So I created an extremely simple model of majority voting (see notebook). I'm generating a random list of 0's and 1's, indicating the ground truth of some binary classification problem. Then I make several copies of the ground truth and randomly flip x% of the bits. Each of those copies represent the responses from an individual classifier within the ensemble. Each fake classifier will have 100-x% accuracy. There's no correlation between the wrong answers that each classifier gives, because the changes were totally random.
For every pair of fake classifiers with 60% accuracy, they will both be right 60% * 60% = 36% of the time, and both wrong 40% * 40% = 16%. So they will agree 36% + 16% = 52% of the time at minimum.

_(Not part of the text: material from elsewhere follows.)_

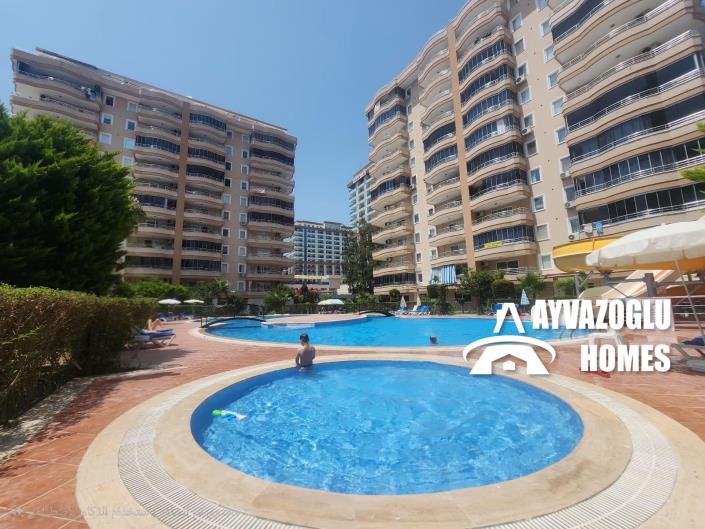 Image No.7-2 Bed Apartment for sale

That's different from the real world. Machine learning algorithms trained on the same data will make a lot of the same mistakes and get a lot of the same questions right. If there are outliers in the data, any classifier can overfit on them. And they're all going to find the same basic trends in the data. If there aren't a lot of good walrus pictures in the training data, every model is probably going to be bad at recognizing walruses. There's no way to make up for what isn't there.
Theory vs Reality
In the real world, there seem to be limits on how much an ensemble can improve classification. On paper, there are none, as the simulation shows.
What is the probability of the ensemble being wrong about a particular classification?
That's the probability that the majority of the classifiers predict 0, given that the true value is 1 (and vice versa). If each classifier is more likely to be right than wrong, as the number of classifiers goes to infinity, the probability of the majority of predictions being wrong goes to 0.
If each binary classifier has a probability > .5 of being right, we can make the ensemble arbitrarily precise if we add enough classifiers to the ensemble (assuming their errors are independent). We could grind the math using the normal approximation to get the exact number if need be.
Let's say each classifier is only right 50.5% of the time. We might have to add 100,000 of them to the ensemble, but we can make the error rate arbitrarily small.
Correlated errors ruin ensembles
The big difference between my experiment and reality is that the errors the fake classifiers make are totally uncorrelated with each other. I don't think that would ever happen in the real world.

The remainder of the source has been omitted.